Guidebook/App - in order to locate the crag, its sectors and specific problems, a guidebook is essential, whether in physical book or app form. The UKC Logbooks also give a useful overview of areas, including parking and approach notes, a list of problems and their grades plus plenty of photos and videos for inspiration. Check out our Rockfax guides and app.
Top tips for getting started
1. Find an experienced friend to take you, join a local beginner session or hire an instructor
Although bouldering outdoors is among the purest forms of climbing (no ropes, less faff, lots of fun), it's still worth heading out with people who know what they're doing in order to have the best introduction to the activity. It's likely that you will meet people at your local wall who have bouldered outdoors and wouldn't mind taking you along. Alternatively, there are numerous indoors-to-outdoors courses and days out organised by walls across the country. Ask at your regular haunt, or keep an eye out for adverts online or on site.
Going with an experienced person or group should also mean that you start at an appropriate place, with a range of lower grades, shorter problems with relatively clear landings and some easy top-outs — and hopefully a short walk-in to approach the crag! If you have any questions or preferences regarding the location, ask your expert.

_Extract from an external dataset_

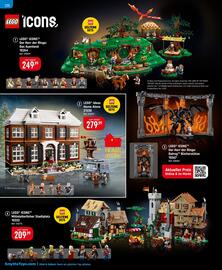 Smyths Toys Prospekt Seite 220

2. Practise falling and spotting indoors first
Falling is often less predictable and comfortable outdoors compared to what you might be used to indoors and it can be intimidating, no matter your level of experience. When climbing, think about targeting your landing zone as best you can as you fall, and controlling your fall and softening the impact as you land. Bend your knees and never land on straight legs, or your legs won't be straight for much longer. Roll your weight into the mat and avoid tensing up your muscles as you land. Think and act like a cat and you'll be most of the way there.
When spotting (gently guiding a climber's fall, as gymnastics coaches do with their athletes), don't aim to catch the climber, but keep your hands ready just above their waist to gently direct their centre of mass to ensure they land upright and not on their back or head.
On rock, the area you have to dampen the impact of a fall is typically smaller, and the padding might be uneven. This can make for slightly less comfortable falls. Practice landing more neatly at the wall by imagining you have just a 1x1 metre-squared area to target.
Outdoors, spotters aim to direct a fall onto the matted area and protect the climber from rolling off the pads (especially if the ground is steep or uneven). They are also in charge of covering exposed rocks or hollows with mats or standing on/in them and guiding the falling climber away from them.
3. Lower your grade expectations
Bouldering on rock can be a shock to the system, especially when it comes to the grading systems you're used to at the wall. On rock, the holds are not as obvious and are usually far smaller and lower profile than many indoor equivalents. Bouldering on rock can feel a lot harder - there's so much more body tension involved due to smaller footholds - but that's not a reason to feel disheartened. Experience on rock will help, but many climbers will never reach the grades they are capable of indoors on rock.
Grades - and grading systems used - don't translate directly between indoor walls and crags, but nor are they uniform at every climbing centre in the country, either. There is variation in the grading system used (V grades, Font grades, a made-up difficulty system at the wall, etc.) Most crags in the UK use the Font grading system. You can use this chart to roughly compare correlations.
If you start bouldering outdoors with the goal of having fun and finding your feet, you won't be disappointed. Lower your max indoor grade by a few notches (say, if you can climb Font 7A indoors, warm up on some 5s and expect to take a few goes on some 6s and find 7A to be quite different). Some areas are renowned for being hard for the grade. Fontainebleau is a boulderer's paradise and is accessible to all, but the grades are hard!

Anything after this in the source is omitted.